The court process is now more defined than it was when the indictments were first announced. Kelly said all five defendants turned themselves in after the charges were filed. Current Colorado Judicial Branch case pages now list Danny Sanchez, Cruz Soto, Caleb Sanchez and Roland Riley for first appearances at 1 p.m. on April 14, with Keith Schultz set for 1:30 p.m. the same day. Those settings follow the earlier bond-related scheduling that appeared when the cases first opened. The records do not resolve the allegations, and the defendants remain presumed innocent unless proven guilty in court. Even so, the filings already show how prosecutors plan to present the cases: one as a breakdown in evidence handling and respect for the dead, the other as an excessive-force episode involving a vulnerable person. Denver-area television coverage also reported that a community meeting is planned for April 2 at 6 p.m. at the Alamosa County courthouse, giving residents a public forum as the legal process continues.
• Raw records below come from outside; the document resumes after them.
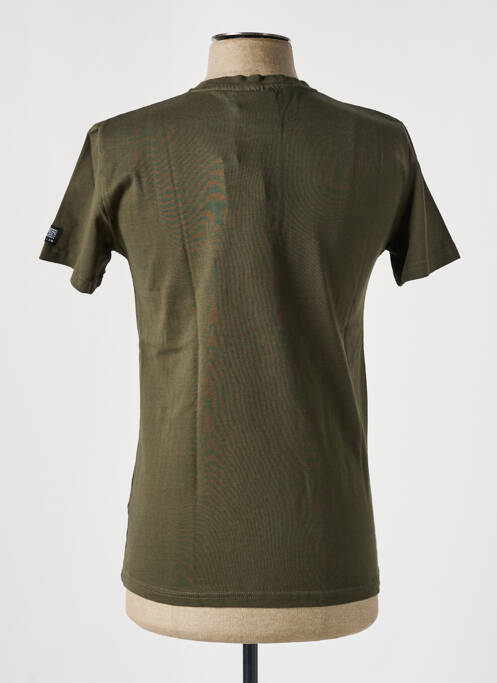 Tricou verde REDSKINS băiat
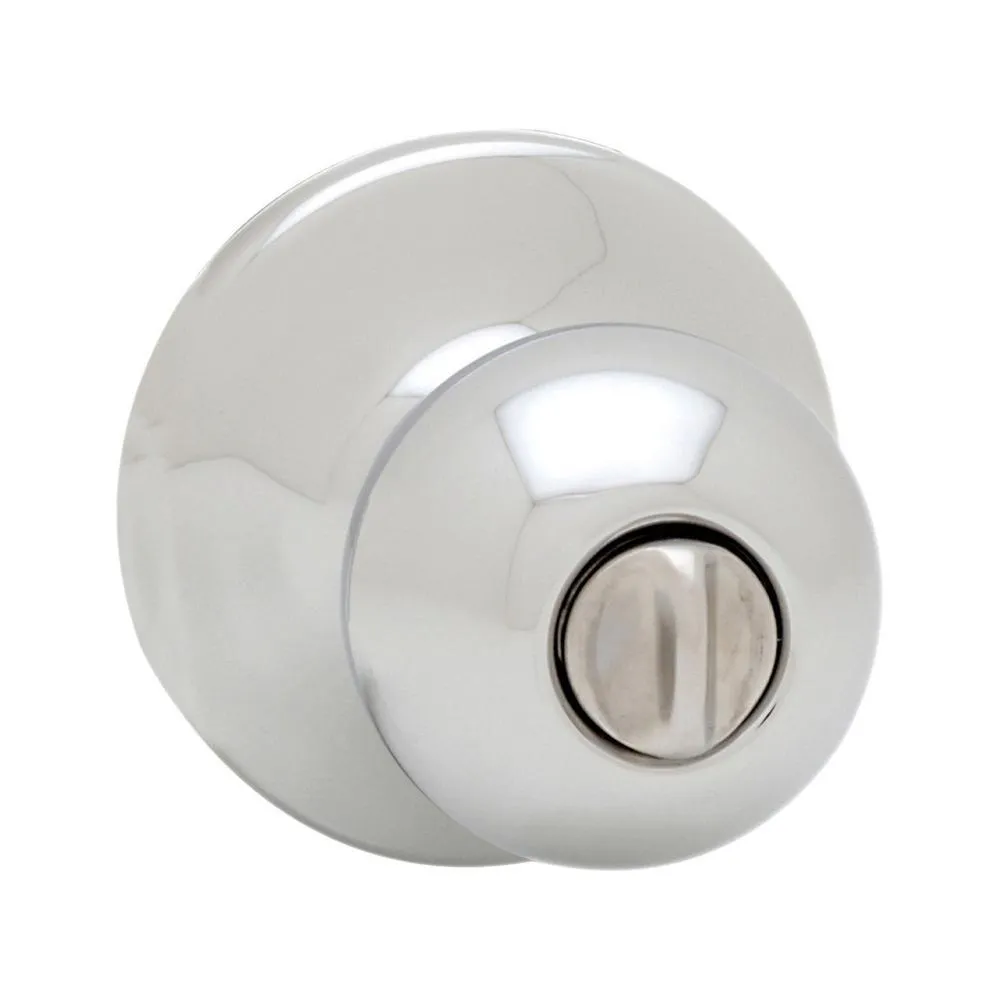 Polo Satin Nickel Bed/Bath Door Knob Featuring Microban Antimicrobial Technology, photo 9 of 11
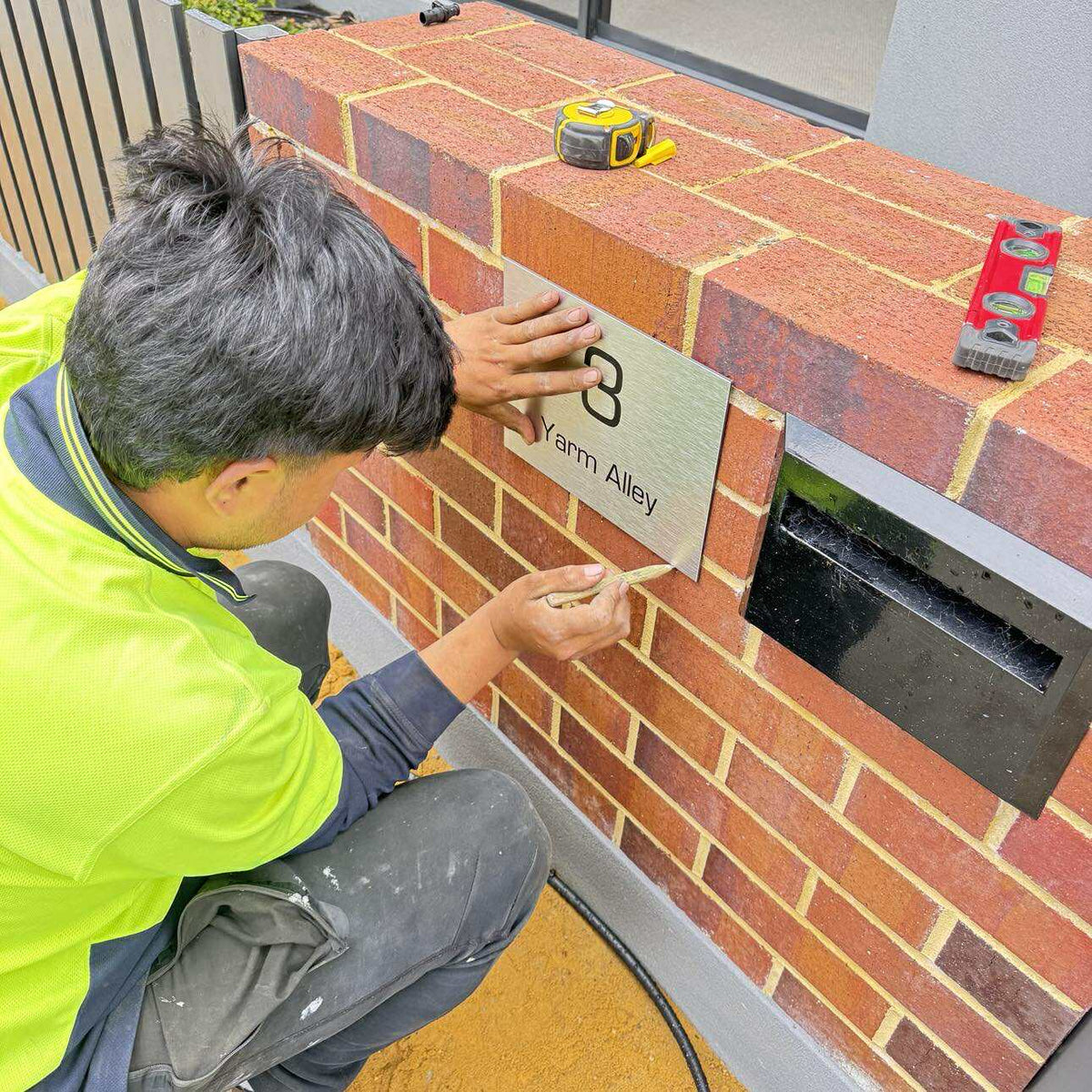 Installationion House Sign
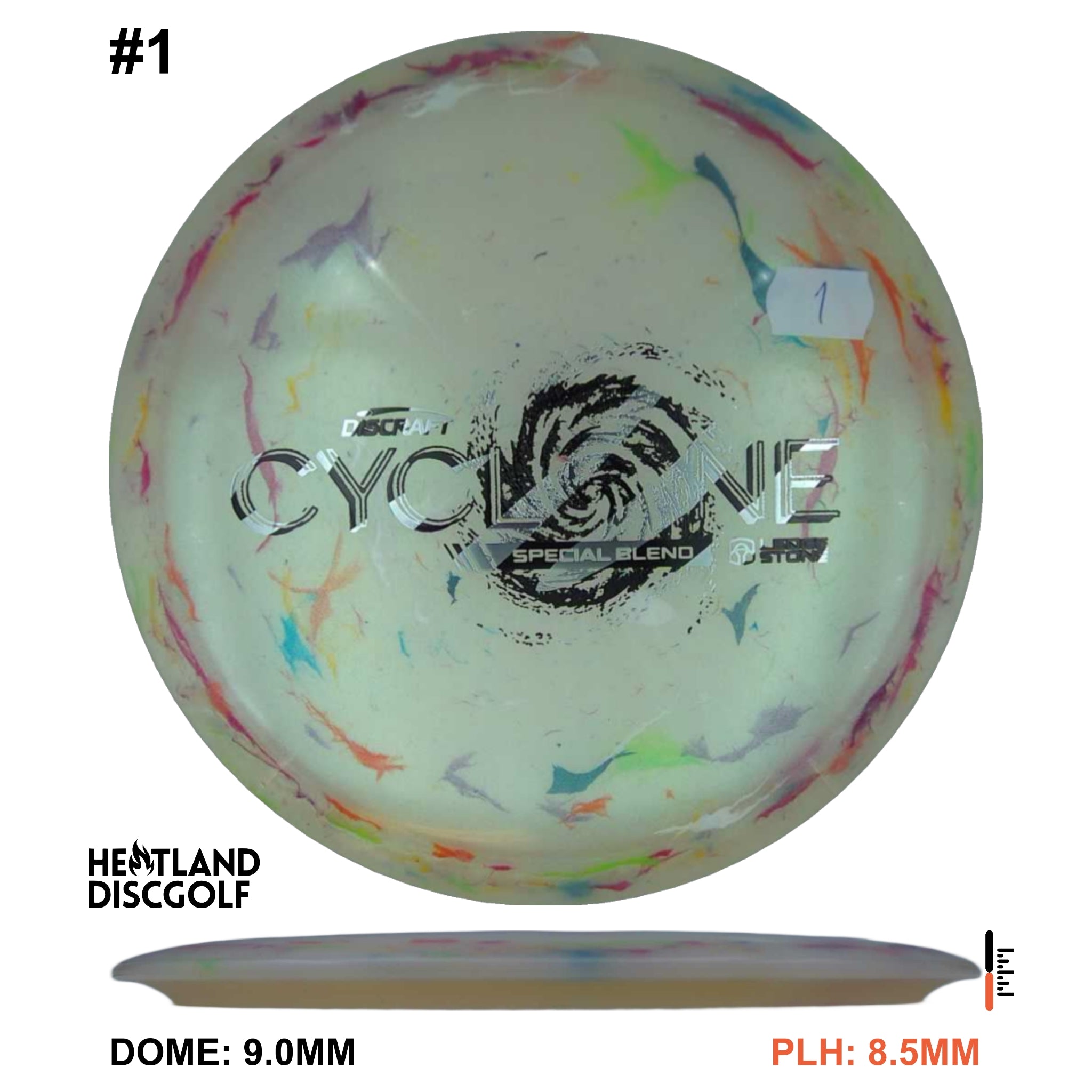 Z FLX Jawbreaker ColorShift Cyclone - Ledgestone 2026 (Wave 3)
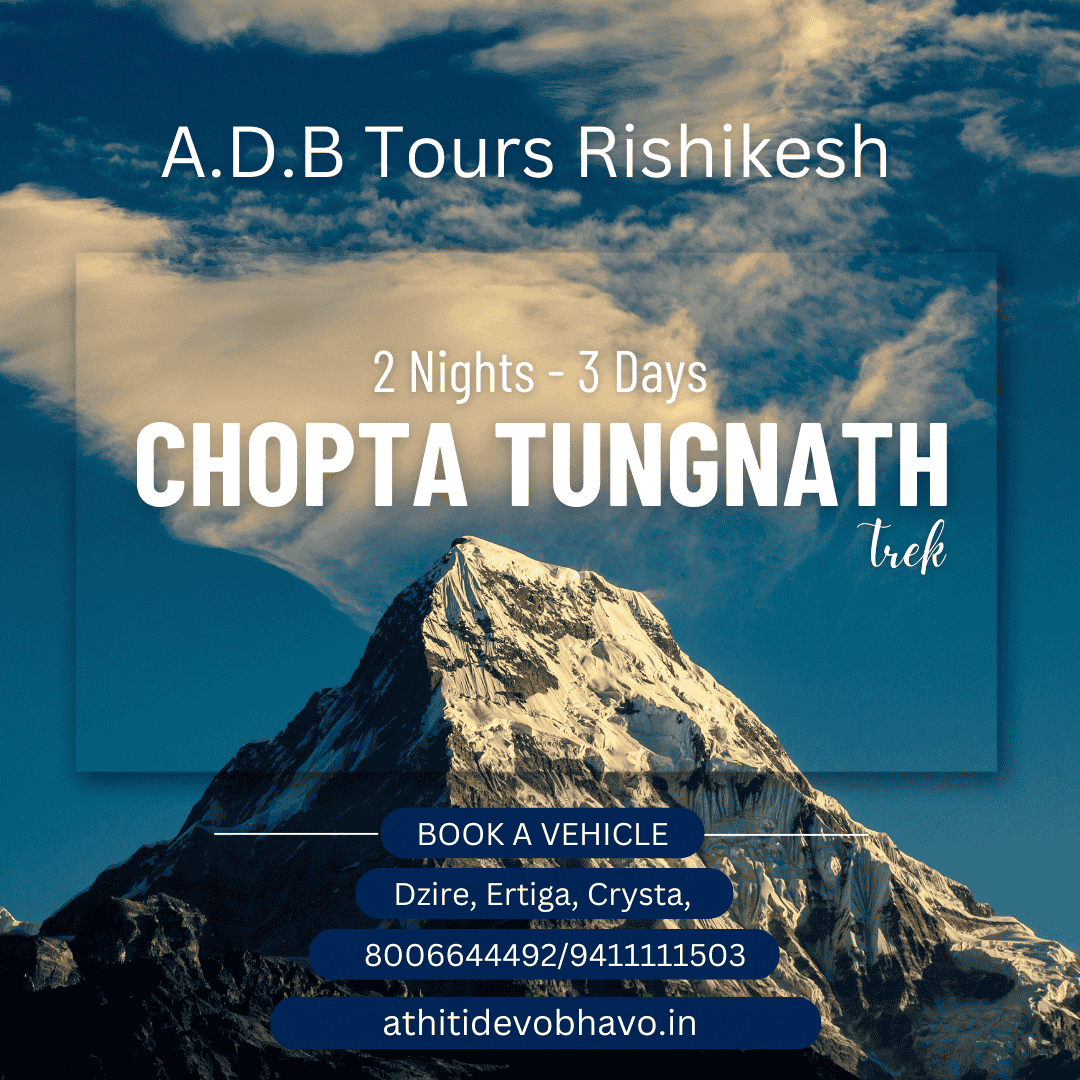 Chopta Tungnath Trek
For Costilla County residents, the story is not only about what happened on Wild Horse Mesa or outside the sheriff’s office on a February day. It is also about what happens after a rural department loses much of its command staff almost overnight. Smith took office promising a “Day One” plan to stabilize operations, review internal procedures and rebuild confidence. That promise now sits beside a set of indictments that describe lost evidence, delayed reports, missing teeth, an unlabeled bag, a man in crisis, several Tasers and a sheriff’s office whose own structure appears to have failed at key moments. In a larger county, those allegations would be serious enough. In Costilla County, where the department is small and often the most visible arm of local government, the effect has been immediate and personal. Every court date, staffing update and agency statement now carries extra weight because the county is trying to restore routine policing while criminal cases against former leaders move ahead at the same time.
As of Wednesday, the indictments remained pending, Smith was serving as interim sheriff and outside agencies were still helping cover public safety duties. The next public milestones are the community meeting on April 2 and the first court appearances scheduled for April 14.
Author note: Last updated April 1, 2026.